Recién pasé unos días con mi familia en Nantes, en una casa de las que se llaman de intercambio. Con este sistema ya hemos estado en todas partes. Los extranjeros quieren venir a la capital catalana y nos dejan sus casas espaciosas, contentos de pasar unos días en la celda de nuestra colmena. En Nantes, antigua ciudad de negreros y cuna de Jules Verne, me ha gustado la reconversión de los viejos astilleros, un espacio faraónico en la orilla norte del río Loira, cementerio de cadáveres industriales (naves, raíles, depósitos) que ahora es un lugar de ocio y cultura. Gracias al entendimiento entre el gestor propietario y un montón de asociaciones, hoy los talleres, las tiendas y las zonas de recreo han brotado en el centro de la ciudad.
A la ciudad contemporánea le cuesta encontrar espacios nuevos en sus tripas, lugares donde ubicar usos y costumbres más actuales. Me acuerdo del High Line de Nueva York, un parque elevado sobre la antigua línea de ferrocarril que tanto nos gustó. Me acuerdo de la Tate Modern de Londres, ubicada en la antigua central de energía de Bankside, al sur del Támesis, un mamotreto de hierro y ladrillo que impresiona y que da lugar a un oasis urbano.

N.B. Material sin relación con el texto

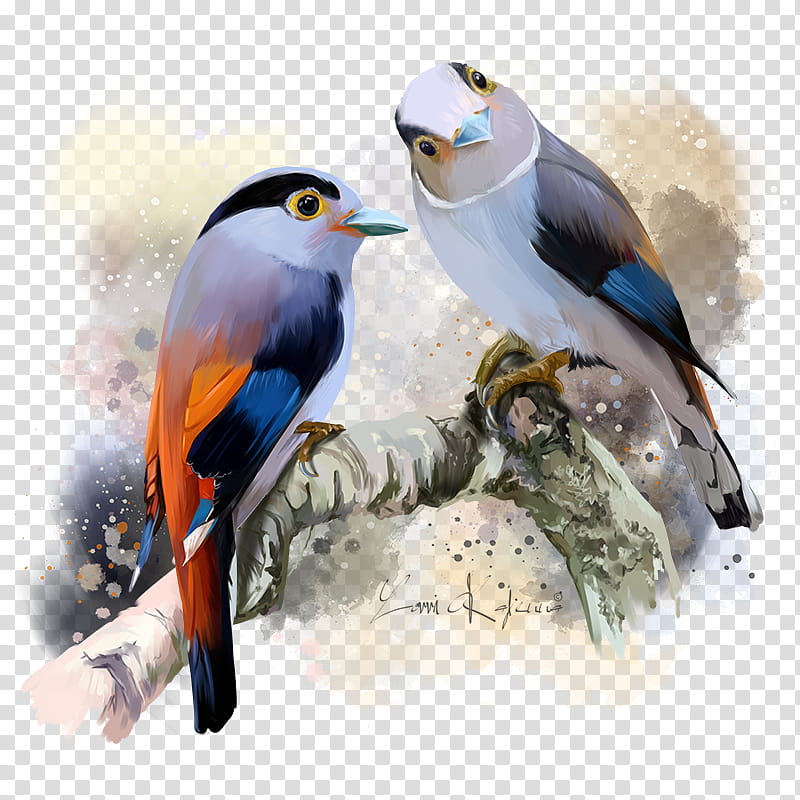 Painting, Bird, Silverbreasted Broadbill, Beak, Feather transparent background PNG clipart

Convertir el patrimonio industrial en patrimonio cultural es un acierto. Dejar testimonios cicló peos de la época del progreso infinito tiene un punto pedagógico. Y estéticamente estos lugares son imbatibles, al margen de la sensación de conquista colectiva que encomiendan, porque crean mirones. En palabras de Edgardo Scott (Caminantes, Gatopardo, 2022), el futuro humano en las ciudades pasa por la recuperación del vagabundeo —esto es la recuperación de un tiempo para vagar e imaginar—.
Nantes, Nueva York y Londres me han hecho pensar en Girona, que también tiene río. Hace medio siglo se inauguraba el paso elevado del tren. Es una medio muralla fea y divisoria, y sin embargo útil hasta no hace mucho. Hoy es un anacronismo de cemento. Me consta que no soy el primero que piensa en ello. No importa. No soy arquitecto ni urbanista, pero me imagino una rambla aérea y verde, con pequeños cafés y ascensores para subir, y toboganes de tirabuzón para descender —como el que han instalado para bajar de una tajada en el castillo de los Duques de Bretaña, en Nantes—. Un espacio singular, hirviendo de ciudadanos encantados de haberse conocido, de turistas sin rumbo, un lugar desde el cual comprender la ciudad, mirador de mirones, y un lugar para pensar, a su vez, qué ciudad querremos mañana.